New Delhi, May 20: German retailer Metro AG is planning to exit the Indian market by selling its cash-and-carry operations for $1.5-1.75 billion, according to a news report.
The Economic Times reported that companies such as Amazon, Thailand’s Charoen Pokphand (CP) Group, Reliance Retail, Avenue Supermarts, Tata Group, Lulu Group, and PE fund Samara Capital have been approached to buy the MNC’s cash-and-carry operations in the country.
Metro AG has been present in India since 2003 and has been operating a chain of 31 cash-and-carry stores.
According to the report, JP Morgan and Goldman Sachs have been appointed to find a suitable buyer for Metro AG’s business in India.
Pressures to sell below cost, free delivery of goods and negative EBITDA in the industry, were the reasons according to an industry veteran, quoted in the report.
The discussions with potential buyers are said to be in the initial phase.

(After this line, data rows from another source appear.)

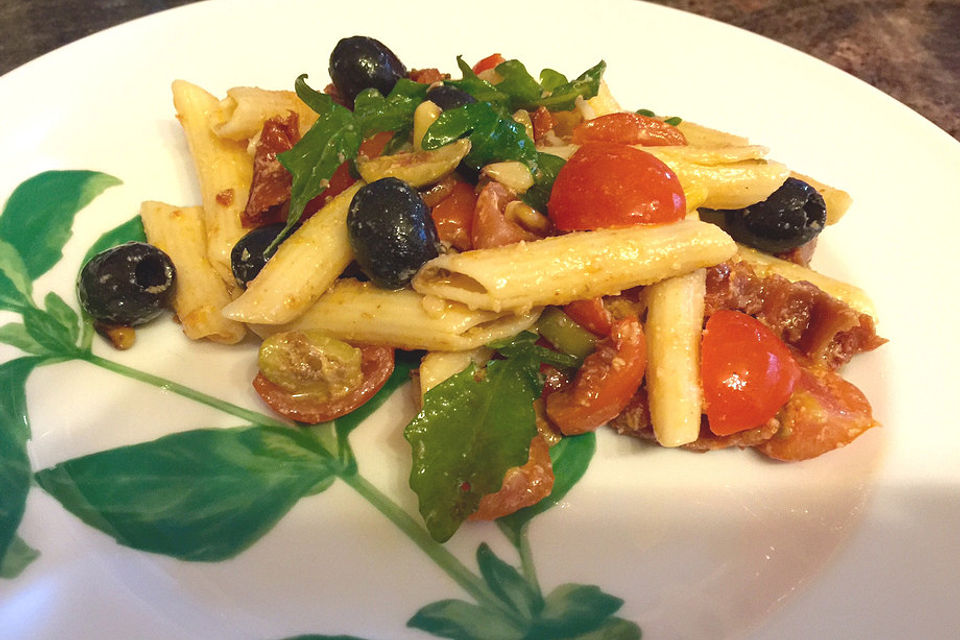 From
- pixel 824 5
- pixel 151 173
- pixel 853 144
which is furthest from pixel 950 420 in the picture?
pixel 824 5

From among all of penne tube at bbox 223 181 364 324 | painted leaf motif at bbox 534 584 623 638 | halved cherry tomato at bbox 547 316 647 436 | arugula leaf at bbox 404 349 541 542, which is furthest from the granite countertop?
painted leaf motif at bbox 534 584 623 638

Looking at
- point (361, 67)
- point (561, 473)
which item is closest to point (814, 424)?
point (561, 473)

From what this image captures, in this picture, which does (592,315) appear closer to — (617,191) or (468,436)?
(617,191)

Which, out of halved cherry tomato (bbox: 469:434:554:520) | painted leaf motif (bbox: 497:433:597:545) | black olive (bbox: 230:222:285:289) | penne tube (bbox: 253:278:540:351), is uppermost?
black olive (bbox: 230:222:285:289)

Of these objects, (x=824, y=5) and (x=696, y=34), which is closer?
(x=696, y=34)

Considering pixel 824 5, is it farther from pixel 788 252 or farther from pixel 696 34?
pixel 788 252

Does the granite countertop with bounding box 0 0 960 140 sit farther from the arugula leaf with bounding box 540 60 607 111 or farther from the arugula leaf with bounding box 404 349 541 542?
the arugula leaf with bounding box 404 349 541 542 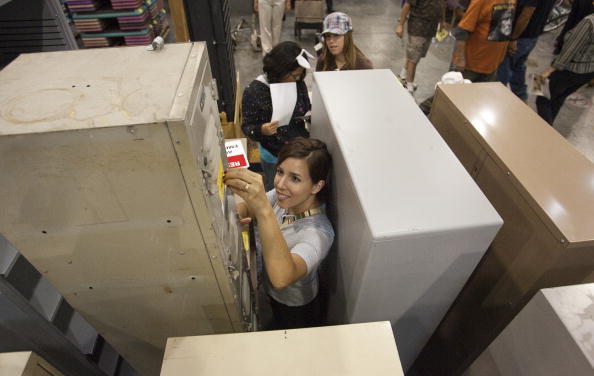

Metro AG revenues in FY21 (Oct-Sept) stood at $898 million and it is likely to clock more than $1 billion in revenues with an EBITDA growth of 30-40% as compared to 50% in the last fiscal.
According to Metro’s India website its, “core customers include small retailers and kirana stores, hotels, restaurants and caterers, corporates, SMEs, all types of offices, companies and institutions, as well as self-employed professionals”.